(Image-text web data)

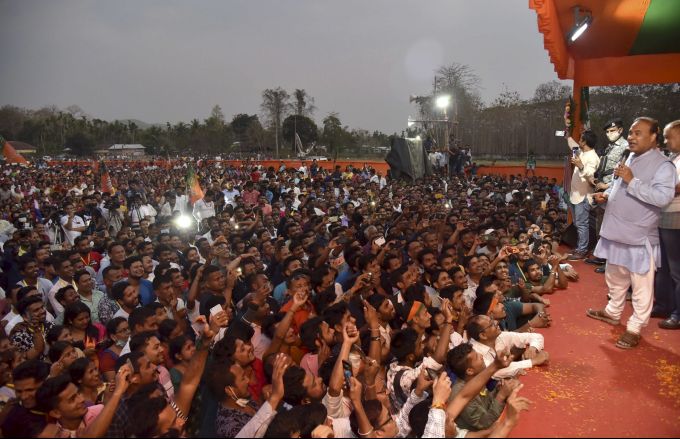 News In Photos (1 April 2021) | Photos Of Top News Today - Oneindia Gallery News In Photos (1 April 2021) | Photos Of Top News Today - Oneindia Gallery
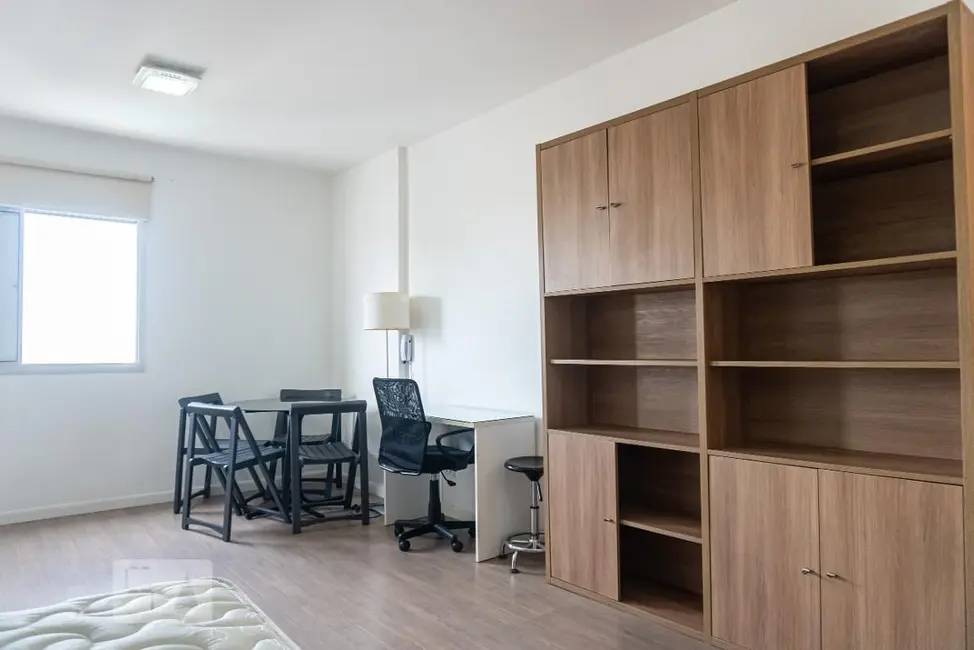 Kitnet com 1 quarto à venda, 33m2 em Santa Cecília, São Paulo - SP - imagem 4 Foto 4 de Kitnet com 1 quarto à venda, 33m2 em Santa Cecília, São Paulo - SP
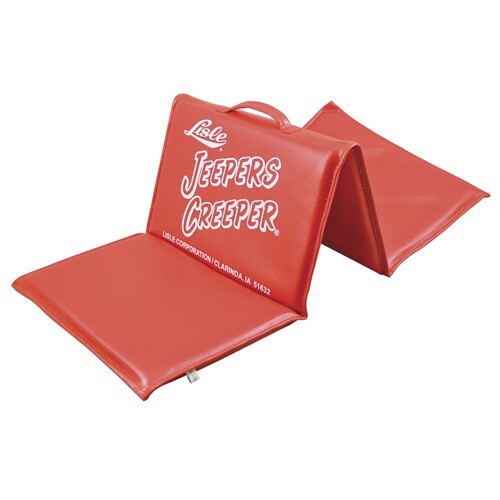 Creeper mat fold - creeper,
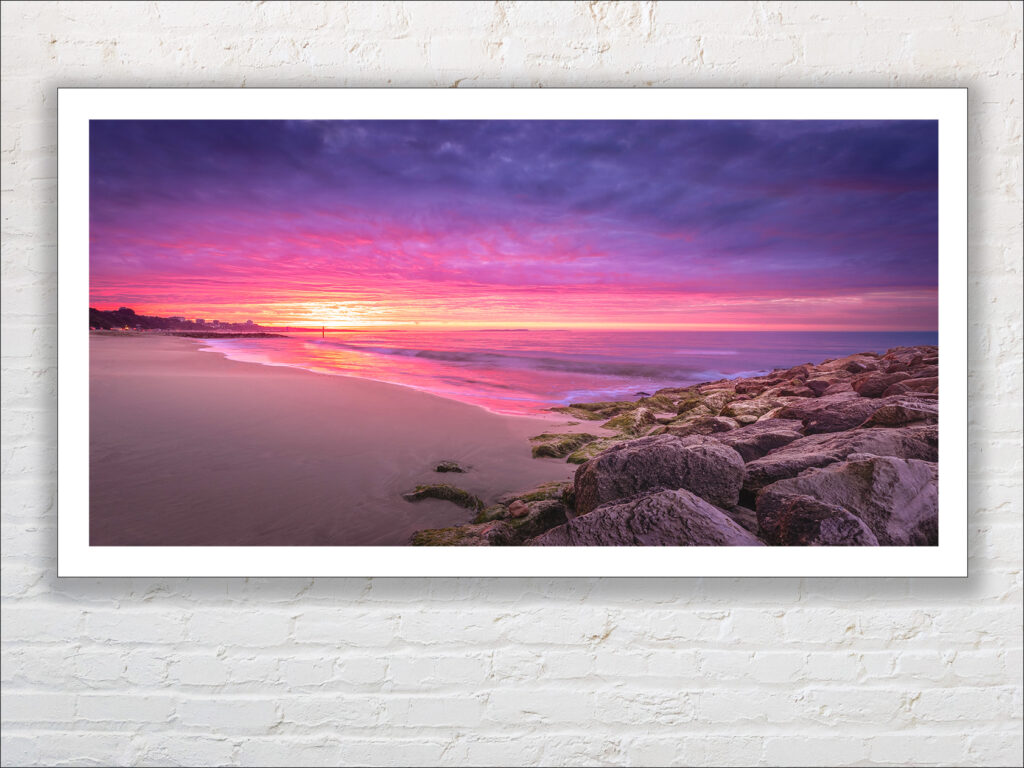 Branksome Chine Beach, Dorset. 7 - Image 3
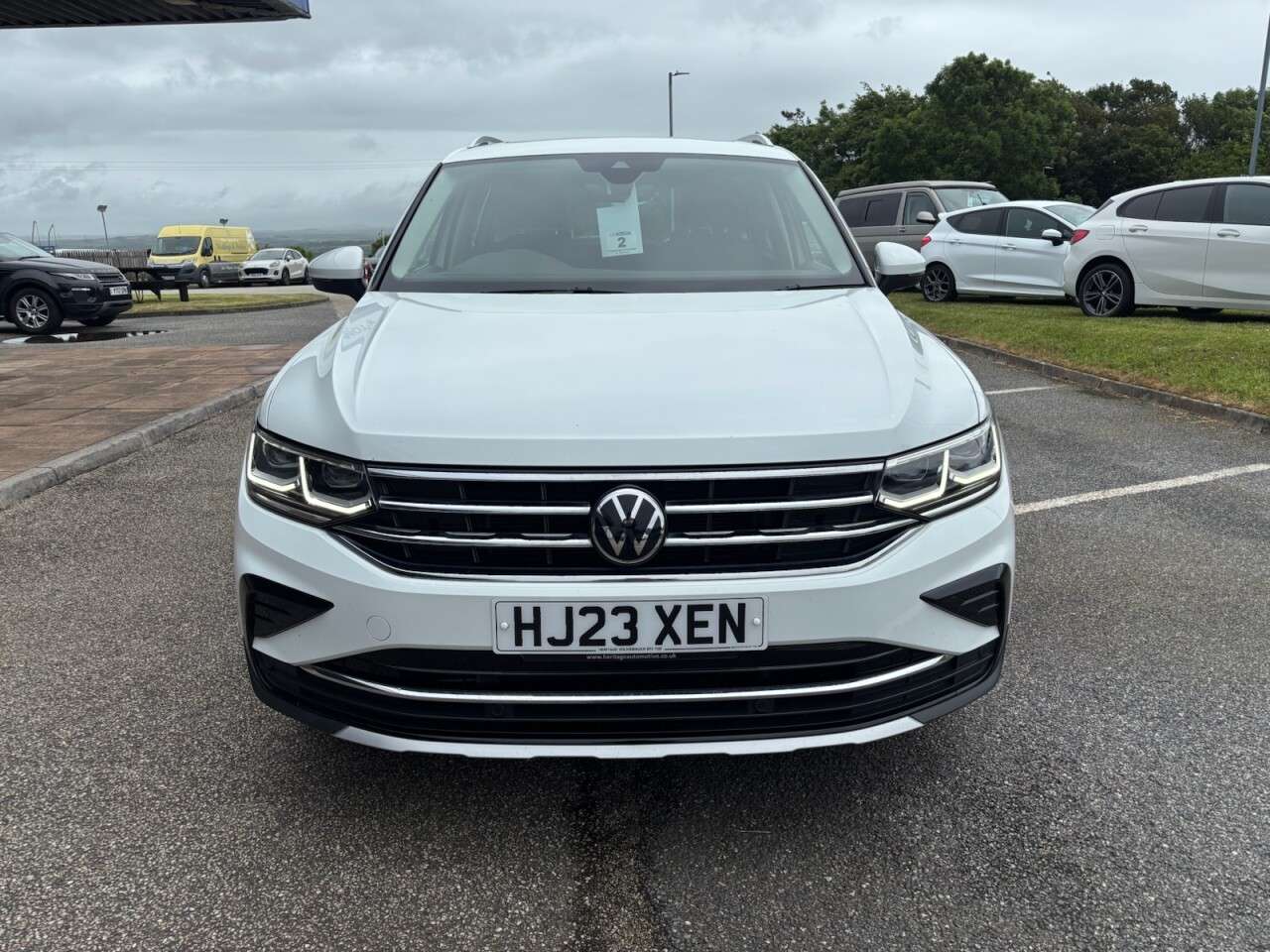 2023 VOLKSWAGEN TIGUAN 2023 VOLKSWAGEN TIGUAN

§ **Task**
Retype the records in full. Do not carry over the images.

§ **Answer area**
 News In Photos (1 April 2021) | Photos Of Top News Today - Oneindia Gallery News In Photos (1 April 2021) | Photos Of Top News Today - Oneindia Gallery
 Kitnet com 1 quarto à venda, 33m2 em Santa Cecília, São Paulo - SP - imagem 4 Foto 4 de Kitnet com 1 quarto à venda, 33m2 em Santa Cecília, São Paulo - SP
 Creeper mat fold - creeper,
 Branksome Chine Beach, Dorset. 7 - Image 3
 2023 VOLKSWAGEN TIGUAN 2023 VOLKSWAGEN TIGUAN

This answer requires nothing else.